Friday, June 11, 2021

Why We Ride

 I ran across this great article recently.  Not much to say about it, other than I agree with every word.  Thank you, Kevin Cameron.


Why We Ride Motorcycles
Skill, passion, talent, danger, identity: Why do you ride a motorcycle?
By Kevin Cameron
June 9, 2021


Selected quotes:

"For some, the wind and the 360-degree view of the world provided by motorcycles remind us that life is not a video game. For others, it’s the practice of skills in an unforgiving environment. For still others, it’s the rush of acceleration and cornering."

"What happens to us during our first six months on a motorcycle? We either learn the alert vigilance of squirrels, mountain climbers, and combat soldiers, or we quit.  ...  There is no right of way for the motorcyclist. We alone can assure our own security. So many motorists just don’t see motorcycles at all, and others are barely conscious, texting. Constant alert vigilance is the only security. Just as the horse takes delight in running up and down, so we are refreshed by exercising this high state of awareness that is so underused in our daily lives."

I completely relate to this next quote, that riding clears the mind like nothing else precisely because you need full attention.  It's counter-intuitive, in a way, but being forced to concentrate on something can actually clear and refresh the mind.
"Riding a motorcycle can drain life’s pond of distractions, revealing with clarity the bare bones. A BMW rider I knew was a chemist. When confronted with a problem he wasn’t able to solve in his office chair or by awakening at 4 a.m. in where-am-I confusion, he would just get on his bike and ride, heading out of town and onto some go-anywhere rural roads. Over a period of three hours, the concentration riding required would gradually push aside the mess in his mind and shake the problem down to essentials. A solution would appear. And it worked over and over."

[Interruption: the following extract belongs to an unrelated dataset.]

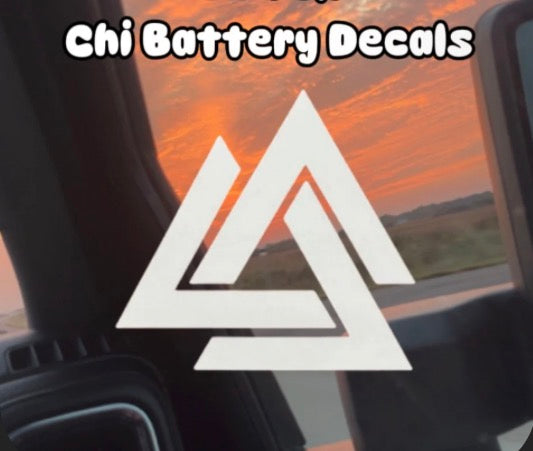 Chi Battery Sticker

"More of the clarifying power of the motorcycle was revealed by a friend who is a published poet. His written words said to me that when his mind was distressed and stopped by the problem of finding sense in life, he rode his motorcycle. It combed the nonessentials, the do-loops from his mind, streamlining his thought process. It left him in alert vigilance, aware of everything around him, safe, clear-headed, and alive.  That, and more, is why we ride."